The convergence of handheld and lap/desktop is inevitably going to happen. The question of course is when and how, and we can agree it won’t be soon. As such, the Surface Studio does seem to be a working prototype or proof of concept than an actual shippable product, it didn’t try to solve some fundamental ergonomic issues that should be obvious from the get go. Similar issues are on the Surface Pro/tablet hybrid as well, while the hardware is somewhat there, the interfacing methodology still needs work, and the need for Windows to stay compatible to a sea of older programs out there isn’t helping. But I see MS’s intention being admirable to say the least, in contrast to Apple who constantly acts like their solution is already the best there is, you take it or leave it. Just look at the touchbar.
The Wacom Cintiq/Intuos is a good example where a modularity approach on PC works, leave the dedicated peripheral maker with decades of expertise to do what’s best for the task. So that’s that. The iPad Pro while not working as seamlessly with a PC as the Cintiq, the fact it runs a sandboxed OS with strict API means the overall experience is actually more tightly laid out, and it shows. Both approaches have a place, but I consider Apple being the one who needs more work, to push this feature set into the rest of the ecosystem.

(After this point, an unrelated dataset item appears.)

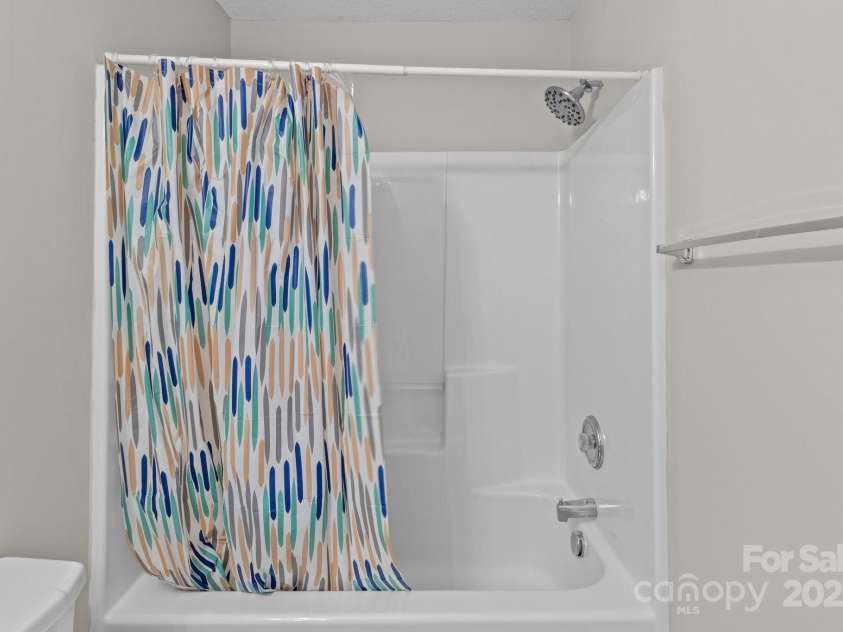 12516 Hennigan Place Lane, Charlotte, NC 28214.  MLS# CAR4269820, YatesRealty ID 27699.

I consider myself being in the “Cheese Grater camp”, I like the flexibility and piece of mind, since my work covers wide variety of multimedia tasks where industry trends change by the week. I still have a bunch of working Macs that are older than 10 years old lying around, just a few months ago repurposed a MP1,1 into a Snow Leopard file server. But for the main work machine, I don’t necessarily need the compute performances that many others of this forum need, I currently use just a 5K iMac, but I can clearly see the benefits of having a halo product much like how the Cheese Grater did. If the Cheese Grater form survived post-2012, I am sure I wouldn't have considered an iMac being my primary machine, just the flexibility to not be locked by the built-in screen alone.
My issue with Apple is that, they seemed determined to back out of number crunching pro spaces, while not taking enough risks on the convergence front. OS X is not as stable or reliable as 10 years ago, and its approachability hasn’t moved forward much. Their hardware offerings are getting much less a value purchase than a sunk cost in style now. During its peak in the early 2000’s Macs excelled on both fronts, and now they are stagnated on neither.